8. A wide-angle image input means for inputting a wide-angle image centered on or in the vertical direction, a plurality of voice input means for inputting voice, and a sound source based on voice input by the plurality of voice input means. Sound source direction detecting means for detecting a direction, data about a wide-angle image input by the wide-angle image input means, data about a voice input by the voice input means, and a sound source direction detected by the sound source direction detecting means A wide-angle image transmission device comprising: a data transmission unit for transmitting data to a predetermined data storage unit.

9. An image transforming unit that transforms the wide-angle image input by the wide-angle image input unit into a rectangular output image by a predetermined conversion formula, wherein the data sending unit is configured by the wide-angle image input unit. 9. The wide-angle image transmitting apparatus according to claim 8, wherein the wide-angle image transmitting apparatus transmits the data regarding the image transformed by the image transforming means, in place of the input data regarding the wide-angle image.

10. An image extracting unit for extracting an image of a predetermined region in the sound source direction detected by the sound source direction detecting unit from among the images deformed by the image deforming unit, wherein the data sending unit includes the wide-angle image. Instead of the data regarding the wide-angle image input by the image input means and the data regarding the sound source direction detected by the sound source direction detecting means, or the data regarding the wide-angle image input by the wide-angle image input means and the sound source direction detecting means 10. The wide-angle image sending device according to claim 9, wherein the wide-angle image sending device sends the data concerning the image extracted by the image extracting means together with the data concerning the sound source direction detected by.
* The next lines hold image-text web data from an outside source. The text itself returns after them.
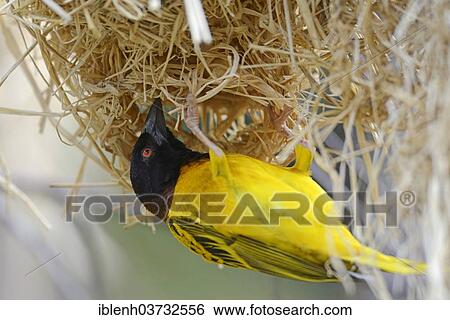 "Village Weaver, Spotted-backed Weaver or Black-headed Weaver (Ploceus cucullatus) in NaturZoo Rheine animal park, Munsterland, Nordrhein-Westfalen, Germany, Europe" View Large Photo Image Stock Photograph - "Village Weaver, Spotted-backed Weaver or Black-headed Weaver (Ploceus cucullatus) in NaturZoo Rheine animal park, Munsterland, Nordrhein-Westfalen, Germany, Europe". Fotosearch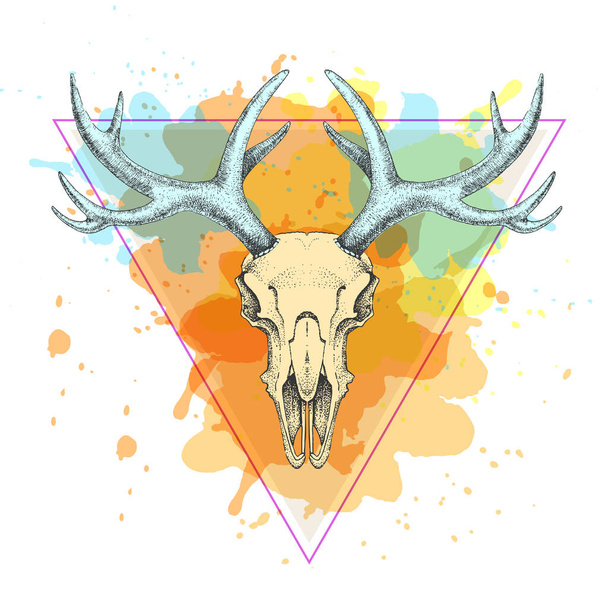 Hipster animal skull on artistic polygon watercolor background. Skull of deer - Vektori, kuva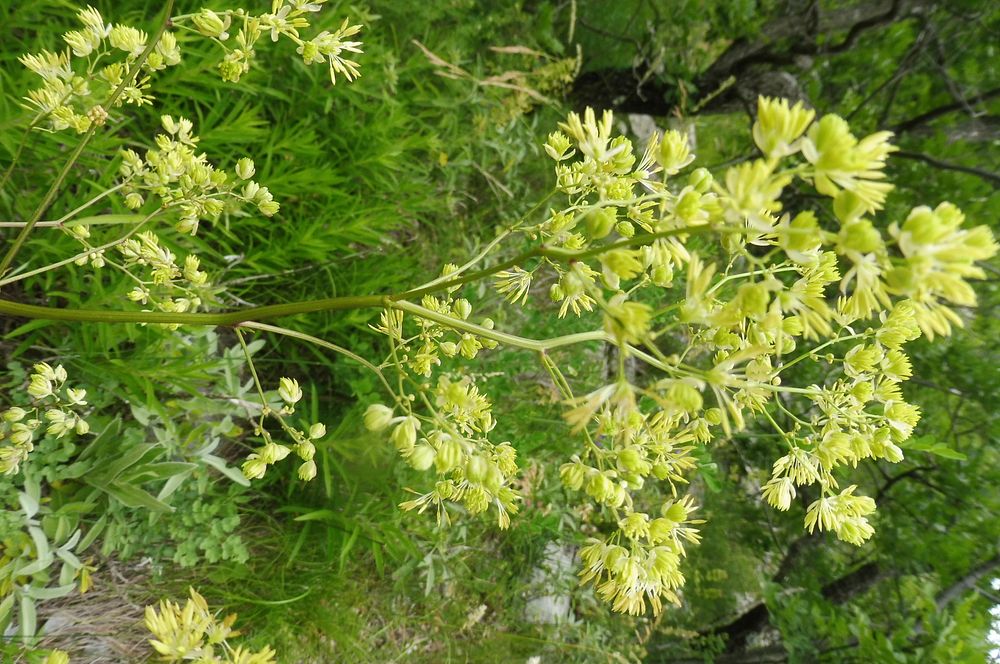 Kytičkový zájezd do pohoří Velebit a do Dalmácie.
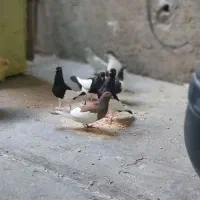 کبوتر یهودی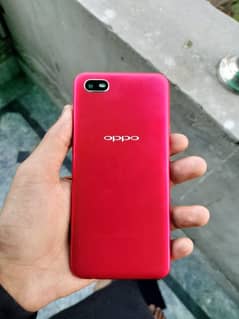 OppO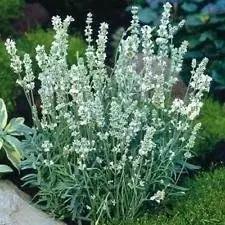White Lavender Ellagance Plant Seeds for Planting - NON GMO Seeds Dhara Seeds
11. The wide-angle image input means is composed of a mirror body having a paraboloid of a predetermined shape, a mirror body having a hyperboloid of a predetermined shape or a mirror body having a predetermined conical shape, and an image pickup device. The wide-angle image transmitting device according to claim 8, 9, or 10.

12. The sound source direction detecting means detects the sound source direction based on a time difference between the voices input by the plurality of voice inputting means. Wide-angle image sending device.

13. The sound source direction detecting means determines a sound source direction based on a time difference between a voice input by a voice input means and a voice input by a voice input means that is farthest from the voice input means. The wide-angle image transmitting apparatus according to claim 12, wherein the wide-angle image transmitting apparatus detects the wide-angle image.

14. The plurality of voice input means is composed of a directional microphone, and the sound source direction detecting means is
The wide-angle image transmitting apparatus according to any one of claims 8 to 11, wherein the sound source direction is detected based on the strength of the sound input by the directional microphone.

15. The plurality of voice input means are arranged so that the barycentric position of the voice input means substantially coincides with the optical center of the wide-angle image input means, respectively. The wide-angle image transmission device according to any one of the above.

16. The plurality of voice input means and the image pickup device are arranged on a pedestal side, and the mirror body is arranged so as to face the pedestal through a transparent member, or the plurality of voice input means. A second mirror-faced body that is disposed on the pedestal side, and that reflects light reflected from the pedestal-side mirror-faced body toward the pedestal-side imager via a transparent member; 16. The wide-angle image transmitting apparatus according to claim 8, wherein the wide-angle image transmitting apparatus is arranged so as to face each other.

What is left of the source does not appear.